Così è quasi certo che accadrà ai potenti del nostro tempo. E non basteranno lustrini e bandiere a salvarli dal tramonto che sarà inesorabile. Felice, allora, quel luogo e quel tempo dove e quando un giovane insegnante un giorno potrà sentirsi chiedere dal proprio alunno: “Professore !!Io non lo so. Ne ho sentito parlare. Ma … nel passato, che cosa mai era la guerra ??Di che materia era fatta ??”.
Quasi certamente l’umanità ha gli strumenti per arrestare definitivamente gli orrendi meccanismi della guerra. Cioè, per abbattere i colossali interessi di pochi privilegiati. Per distruggere gli enormi capitali che sostengono l’industria delle armi e del massacro. Ma per far questo occorre una grandissima fede. Bisogna saperci credere e fortissimamente operare in quella direzione. Occorrono i divini maestri del pensiero. E, soprattutto, occorrono martiri. Come in ogni tempo è avvenuto per l’affermazione delle più autentiche religioni, delle più storiche rivoluzioni e, in tutti i casi, per i grandi movimenti e rivolgimenti dello spirito. Allora, e solo allora, anche le arti, divenute migliori, concorreranno a fare la felicità dell’uomo sulla terra.
D. Quali fermenti innovativi si agitavano all’interno del mondo greco ?

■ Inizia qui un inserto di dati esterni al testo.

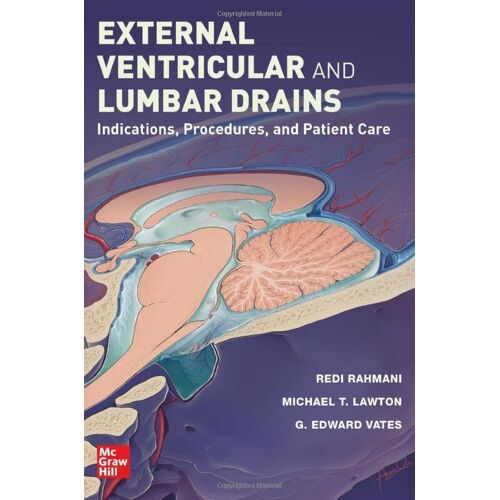 External Ventricular And Lumbar Drains: Indications, Procedures, And Patient Care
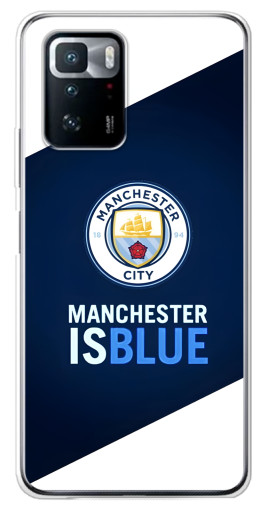Чехол с принтом "Manchester is Blue" для Xiaomi POCO X3 GT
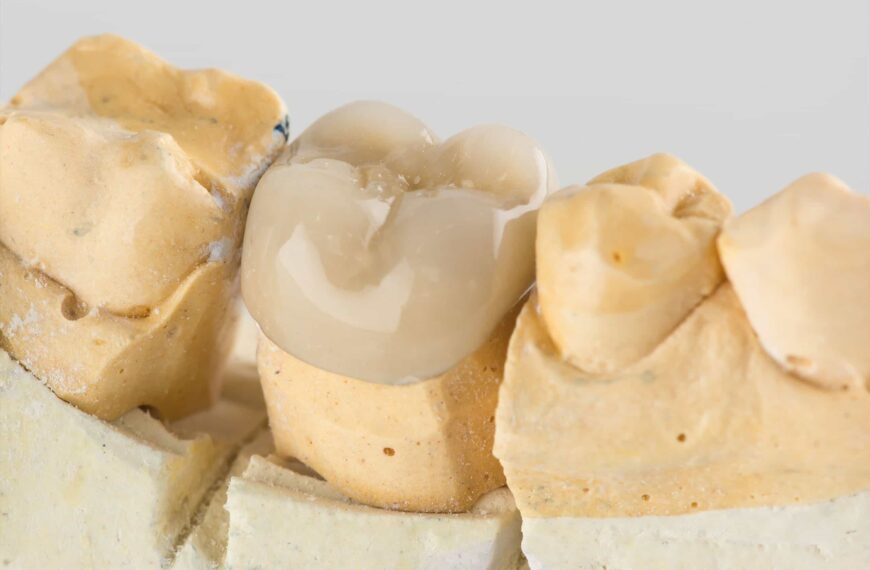 A picture of a tooth mold with a ceramic crown.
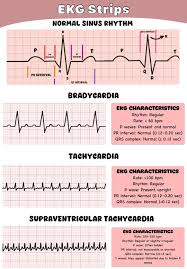 Image result for Electrocardiogram Validity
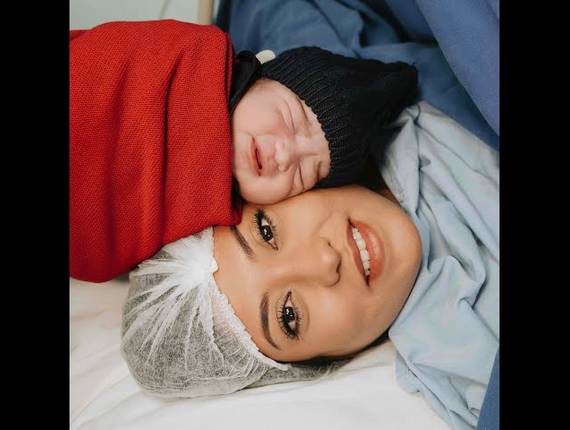 Parto Cesárea de Nascimento Miguel 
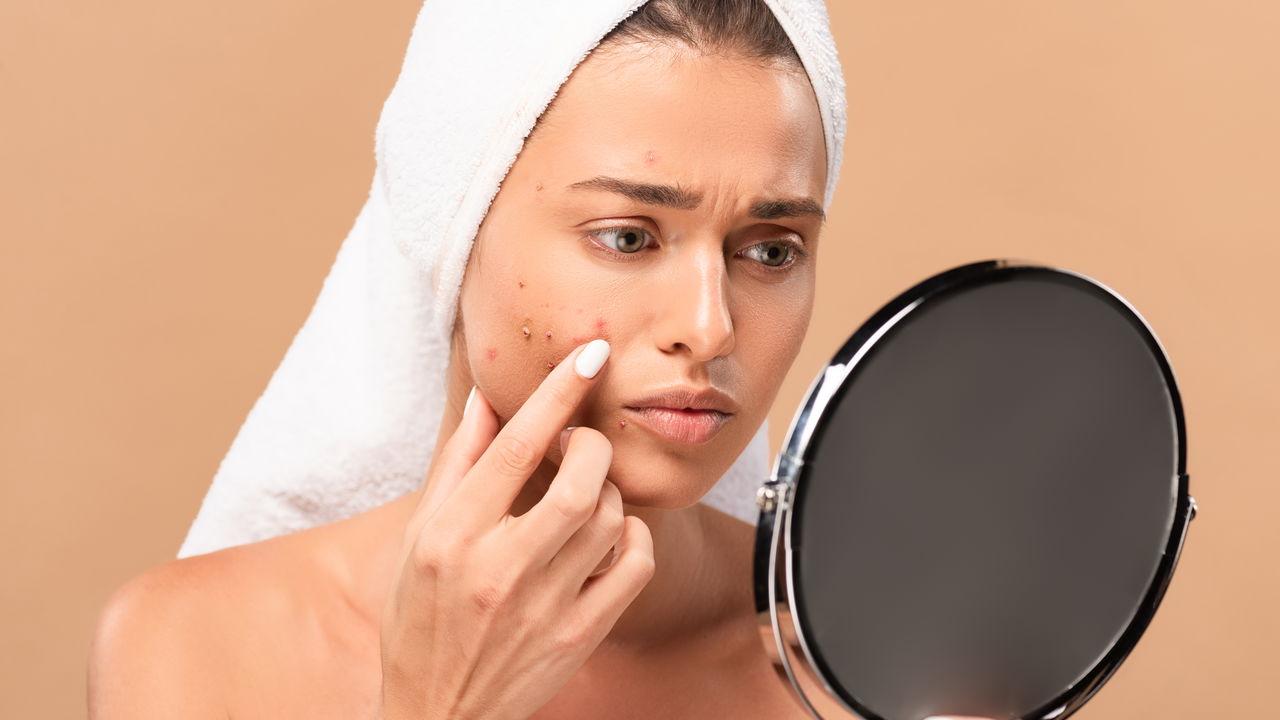 Como manter sua pele livre de acne interna: Prevenção e tratamento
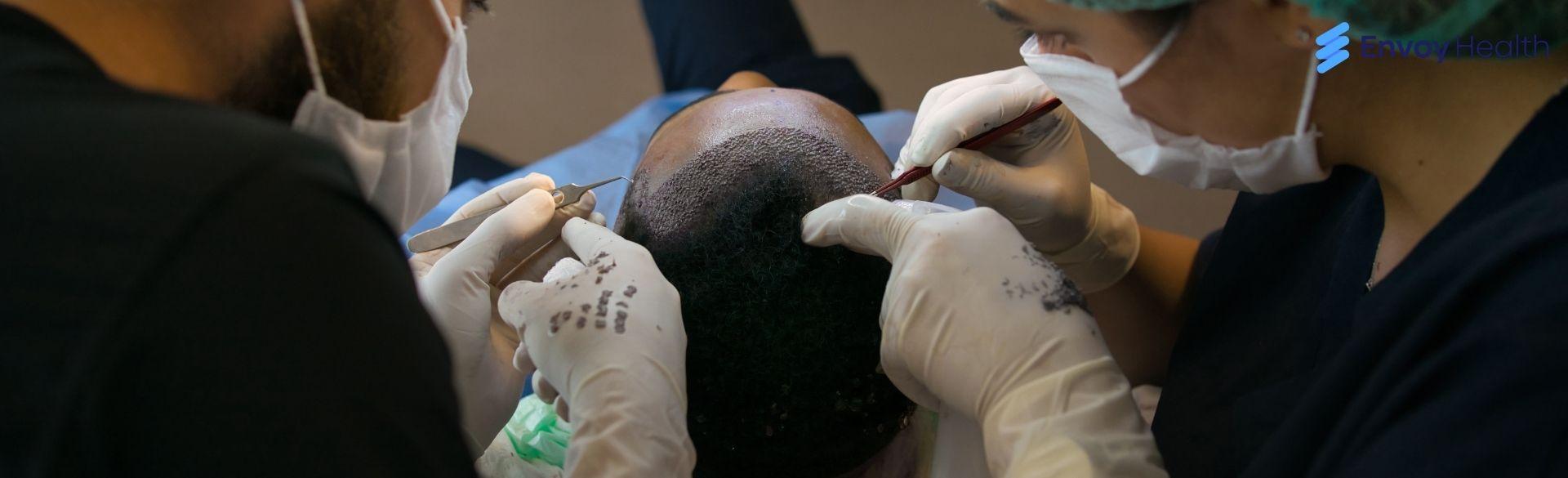 Top 5 Best Hair Transplants in Turkey Top 5 Best Hair Transplants in Turkey
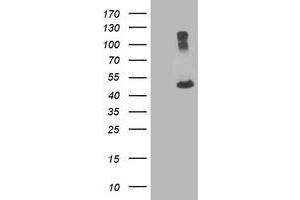 Western Blotting (WB) image for anti-Tubulin, alpha 8 (TUBA8) antibody (ABIN1501562) (TUBA8 Antikörper)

R. Nel 476, con l’intento di celebrare la fondazione di una nuova città in terra siciliana, Eschilo scriveva Aitnaiai, Le donne di Etna. L’opera ( vedi Quintino Cataudella, Antonio Garzya, Carlo Corbato, Giuseppina Basta Donzelli.), che è andata smarrita e della quale ci è pervenuto solo qualche frammento, voleva essere un inno alla vita. Venne rappresentata con differenti adattamenti nei teatri della piana di Catania, a Naxos, a Etna-Inessa, a Leontini, a Siracusa. Tema centrale dell’azione scenica la necessità di comporre le diversità e i conflitti fra etnie di varia provenienza – calcidesi, corinzie, preelleniche, spartane, sicule – popoli che la sorte aveva portato drammaticamente a convivere nel medesimo territorio.
Il prof. Giuseppe Guzzetta dell’Università di Catania scrive : “La grande ispirazione poetica conduce Eschilo a farsi alfiere di una forte aspirazione alla pacificazione e alla concordia nel segno del dinomenide”.
Carlo Corbato, a conclusione del suo saggio, sottolinea: “Bios agathos all’Etna di Ierone”.
Ora, in un tempo come il nostro, così tristemente segnato da crudelissime guerre, da scontri religiosi e civili, che spesso insanguinano i territori di confine, la nostra vocazione al sogno e alle “grazie” del passato di Aitna-Inessa vuole essere un augurio alla pace, a una più costruttiva collaborazione fra i popoli e alle possibili desiderabili gioie della vita.